◆ Collected material:
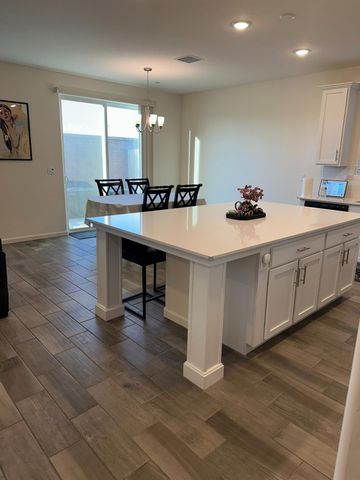6606 E Carmen Ave, Fresno, CA 93727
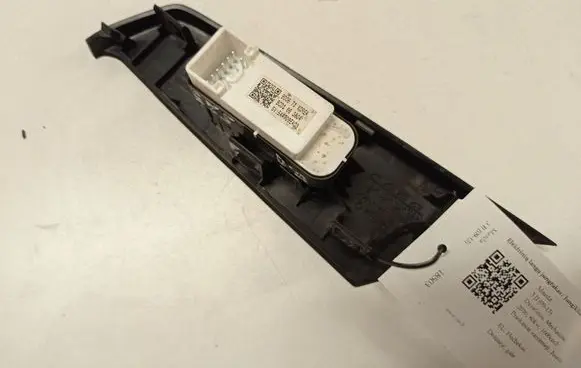 Mazda 3 II Electric window control switch BBM4528H BCD166380A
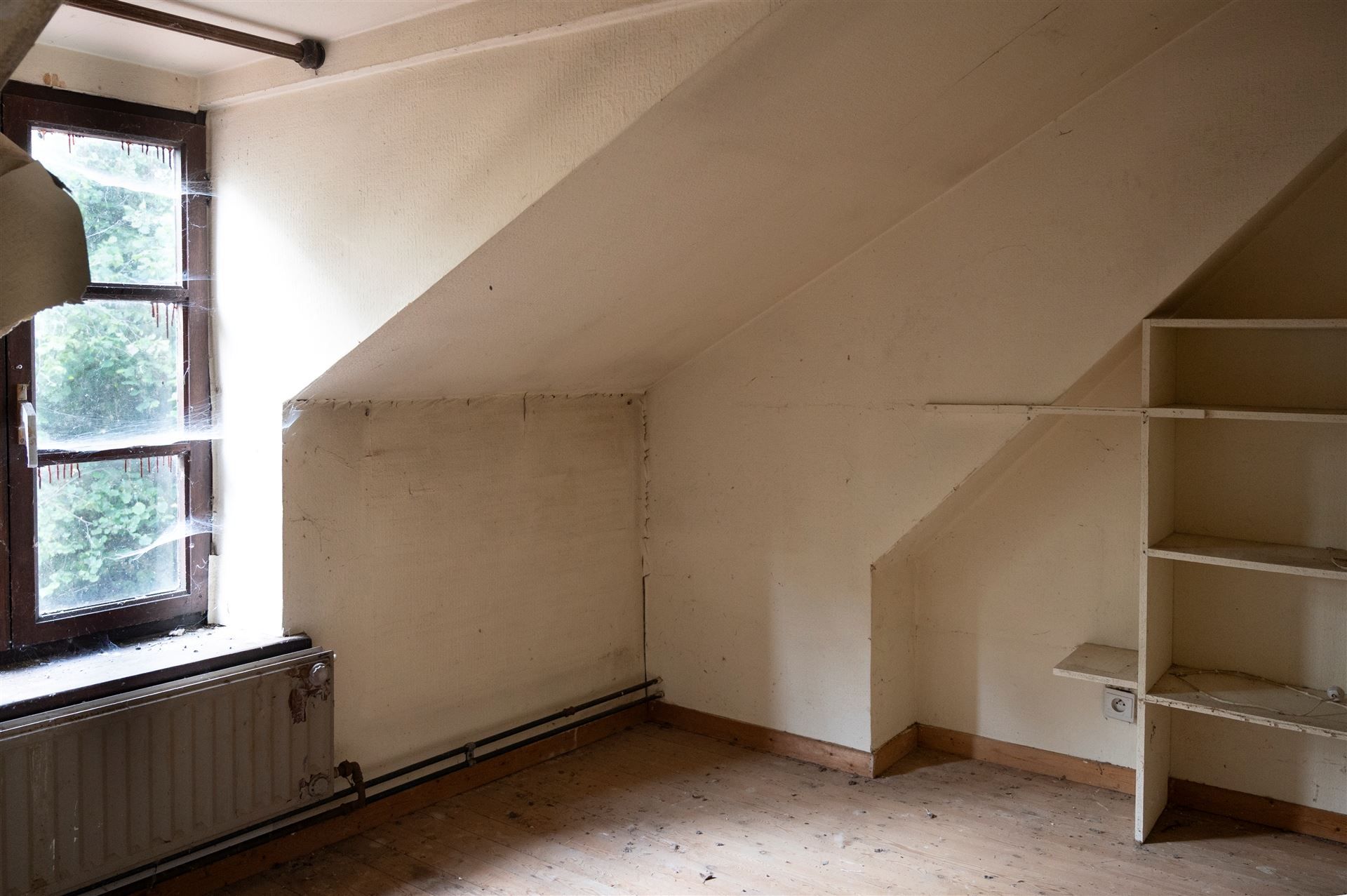 volledig te renoveren woning foto 18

◆ Instructions to follow:
Repeat the listing above verbatim, but exclude the pictures it contains.

◆ Answer below:
6606 E Carmen Ave, Fresno, CA 93727
 Mazda 3 II Electric window control switch BBM4528H BCD166380A
 volledig te renoveren woning foto 18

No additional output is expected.